Another very interesting person I’ve come to know relatively well I met during my first 7am yoga class. The girl sitting next to me looked about my age and soon enough we began the usual investigational interrogation into where and what brought us to India. Based on her physical features I would have guessed she was from Ireland given her auburn hair and pale freckled complexion. Yet after she dropped a few “eh’s” it was more than apparent she hailed from my home country’s neighbor to the north, ‘Canada’. She has kind grey eyes, which rested above her petite upturned nose. Although she has small lips they carry a big north American voice that ‘is totally, like, the bomb, like you know!?’. I enjoyed speaking with her because it was nice to be reminded of the characteristic North American enthusiastic speech pattern. North Americans’ and especially North American females’ dialect is usually filled with enthusiasm, smiles, and optimism. We are easily excited and constantly breaking into loud laughter. I found speaking with her very comfortable and enjoyed the familiarity from my youth.

This familiarity also probably had to do with our similar age range and experiences. Bronwyn is twenty years old and had just made the decision to drop out of University. Yet the ‘University’ she had been attending was not to learn literary theory or scientific laws. She had been going to ‘Circus School’ in Quebec and had been involved with the circus for most of her life as an acrobat. However after years of rigorous commitment she had lost the love of performing and felt it was more of a job than joy. Thus she had given up the circus, which had been very difficult because it was such a crucial part of her ‘identity’. For her whole life she had been an acrobat, now what was she? Who was she? Speaking with her reminded me of when I had quit running and was asking the same questions. In order to answer these questions, she had chosen to return to India to volunteer at a poor local school in Nagwa. She originally fell in love with India last year when the troop she was involved with had done a series of traveling workshops through the country teaching circus performance to rural areas in India. So leaving everything behind she came here by herself at the hottest time of the year. Bronwyn is the only volunteer at a school where no one speaks English, there is no set ‘volunteer program’, and she is responsible for entertaining and controlling sixty unruly ten year olds.

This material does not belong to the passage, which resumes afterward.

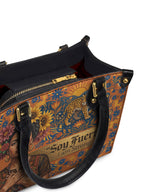"Soy Fuerte" ver.2 Small Leather Handbag - detail | Paleta Bags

I am truly impressed by her spirit. She has chosen to live with an Indian family and I rarely see her at the popular ‘foreigner hangouts’. I bump into her every now and over a chai or coffee where she continually amazes me with her stories of how she has adopted to Indian life. She dresses in traditional clothing and has begun to master Hindi (although the irony of seeing this pale red head perfectly execute the Indian head ‘wobble’ meaning yes does always bring a smile to my face). I am not sure if it is a front, but she is one of the happiest people I have met here. Unlike the dread-locked hashish abusers who find happiness through hits and highs, Bronwyn really seems to be truly happy through having ‘re-made’ herself. When I ask her about the things that personally exhaust and frustrate me to the point where I’m ready to lock myself in my room at night and escape to the fantasy world of a novel she merely shrugs. She claims to have just ‘gotten used to’ the gender bias, the cat-calls, and the stares. I find this hard to believe but perhaps the new sense of purpose and identity offered by India overrides the negative aspects. After throwing away what she has known as ‘life’ for so long it seems to me that essentially ‘becoming Indian’ has replaced the circus. She has found contentment in culture and remade herself from her period uncertainty. When I ask her how long she will stay she replied, “In all honesty I never want to leave”. Sure some people might say that she is distracting herself from her loss of identity and pretending to be something she is not. Yet, who is to say what is ‘right and wrong’ when it comes to identity fabrication. Bronwyn has shown me that there are many ways to cope with personality crisis and I think participating in social work and Indian culture is a bit more constructive than drugs or alcohol and ironically is being used for the same purpose.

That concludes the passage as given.